Mechanical puzzle distribution company

Pentangle, later Pentangle Puzzles, was a British manufacturer and distributor of burr puzzles and other mechanical puzzles. It operated in the UK from 1971 until 2018. It was best known as the first company to distribute what became called "Rubik's Cube" outside Hungary.

== Early history ==

Pentangle was set up as a family business by Ron Cook. It operated from premises in Over Wallop in rural Hampshire, England, originally with seven employees including Cook's wife, daughter and son.

It was registered as a company in 1971, by Cook and his business partner James Dalgety, with the name Paradox Engineering Ltd. to avoid infringing the rights of the band Pentangle. It traded as Pentangle.

Pentangle's first product was a burr puzzle, the Woodchuck puzzle, whose object was to assemble 24 wooden pieces into an octahedral shape. It sold hundreds of thousands of these.
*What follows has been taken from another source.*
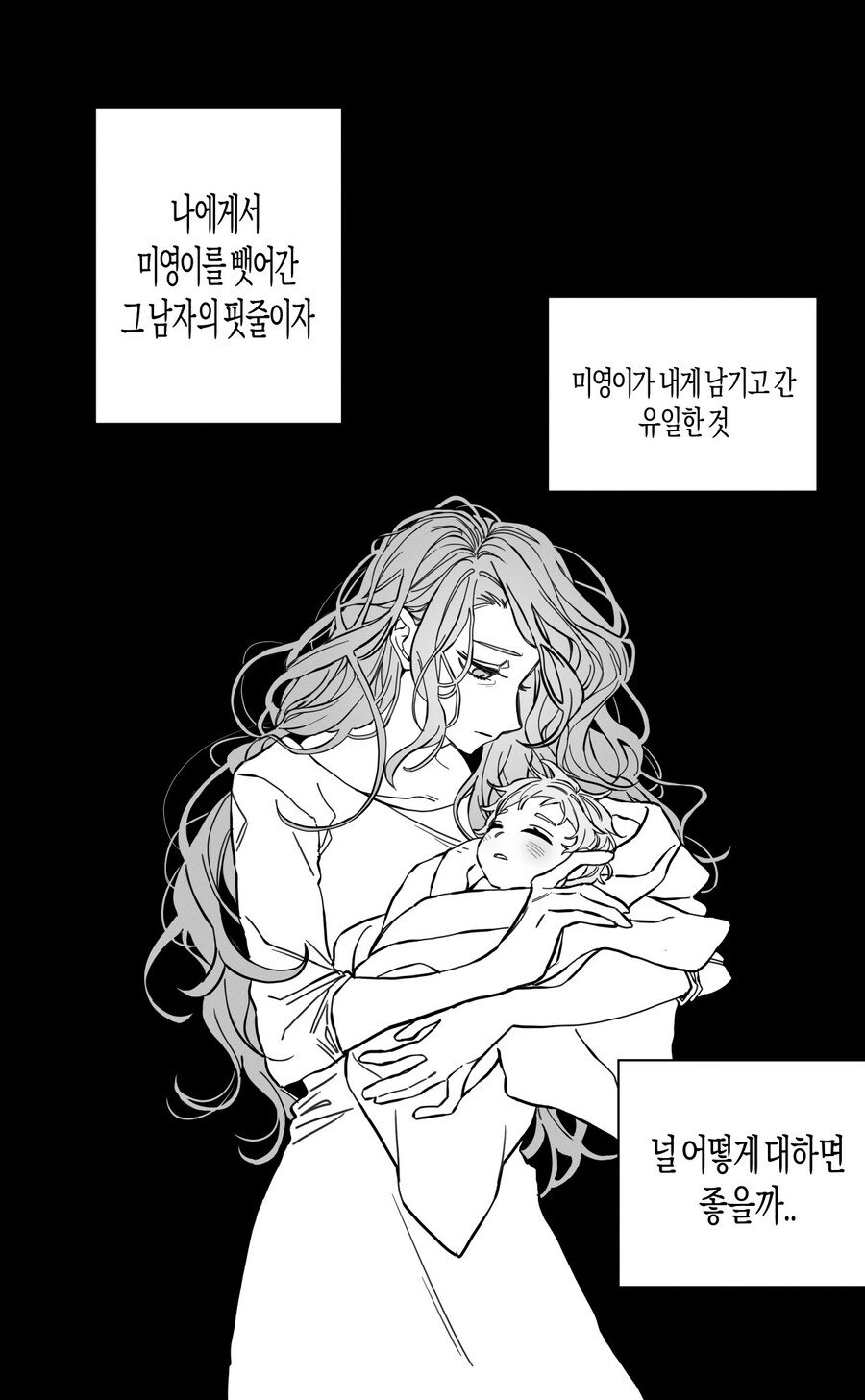 케이팝)암만봐도 스네이프 루트인 셀린_1.jpg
Pentangle eventually made a total of 314 different burr puzzles, and from 1979 made and sold the "Chinese Cross", a compendium of 42 pieces including all the pieces required to assemble any of these puzzles.
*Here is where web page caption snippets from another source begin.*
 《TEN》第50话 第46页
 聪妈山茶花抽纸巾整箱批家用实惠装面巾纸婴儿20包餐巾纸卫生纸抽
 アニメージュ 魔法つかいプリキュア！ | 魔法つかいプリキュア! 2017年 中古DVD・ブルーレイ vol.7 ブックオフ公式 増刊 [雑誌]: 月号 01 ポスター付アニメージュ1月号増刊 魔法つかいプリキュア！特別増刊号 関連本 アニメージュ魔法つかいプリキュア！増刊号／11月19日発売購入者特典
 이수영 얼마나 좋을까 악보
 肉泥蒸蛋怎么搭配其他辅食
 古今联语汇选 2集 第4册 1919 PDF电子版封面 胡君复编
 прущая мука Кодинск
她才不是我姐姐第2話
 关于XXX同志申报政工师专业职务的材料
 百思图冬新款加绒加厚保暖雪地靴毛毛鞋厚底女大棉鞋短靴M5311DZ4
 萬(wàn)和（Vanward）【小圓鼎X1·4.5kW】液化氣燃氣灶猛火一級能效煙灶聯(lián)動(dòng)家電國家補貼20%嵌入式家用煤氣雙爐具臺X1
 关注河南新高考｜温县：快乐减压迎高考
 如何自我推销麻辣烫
Pentangle also made disentanglement puzzles, most famously the Double Treble Clef puzzle, and sliding block and other puzzles.
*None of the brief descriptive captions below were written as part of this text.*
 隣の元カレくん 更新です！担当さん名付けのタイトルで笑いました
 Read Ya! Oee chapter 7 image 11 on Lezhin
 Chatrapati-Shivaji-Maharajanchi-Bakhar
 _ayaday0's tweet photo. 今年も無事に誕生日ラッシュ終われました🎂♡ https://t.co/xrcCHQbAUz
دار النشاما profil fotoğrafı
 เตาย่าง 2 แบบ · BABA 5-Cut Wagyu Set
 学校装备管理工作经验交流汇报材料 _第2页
In 1976, a wooden puzzle designed by Pentangle for the World Wildlife Fund to offer in its catalogue was expected to sell no more than 3000 copies. But within three weeks of publication 16,000 orders had been received.

== The Magic Cube ==

A Rubik's Cube (probably of more recent manufacture than those distributed by Pentangle)

In December 1977 a Hungarian puzzle collector, Tibor Szentiványi, told Dalgety about a new puzzle: Bűvös Kocka, initially known in English as the Magic Cube.
In June 1979 Professor David Singmaster, who had first seen the cube at a mathematics conference in Helsinki in 1978, wrote an article in The Observer praising and recommending the cube. Pentangle was now able to sell 20,000 Magic Cubes a year at about £5 each.

However, later in 1979 another branch of the Hungarian government revoked the deal with Pentangle, and did a deal with Ideal Toys in the US. Ideal Toys agreed that Pentangle could sell what it now renamed as "Rubik's Cube" in the UK as a gift, but not as a toy.

== Later history ==
In 1982 public interest in Rubik's Cube, and in mechanical puzzles generally, plummeted. Dalgety then left Pentangle.

By 1986, Pentangle Puzzles had manufactured over 200 different mechanical puzzles. In 1996 the Pentangle range included more than 40 lines, and the workshop in Over Wallop was producing 3000 puzzles a week, half of which were exported from the UK. Cook developed a sideline in producing branded puzzles for large companies to give as Christmas gifts. One such puzzle, designed for ICI, was called "Excalibur": a sword-shaped letter-opener in a block of wood. The puzzle was, first to release the "sword" from the "stone", and then to decrypt the inscription on its blade so as to learn how to claim a prize.

In 2000, the name of the company was changed to "Payday Games Limited". In 2009 Cook sold the company to Timothy Dixon, who changed its name to "Pentangle Puzzles Limited". Pentangle Puzzles Limited ceased trading in 2018, and was liquidated in 2019.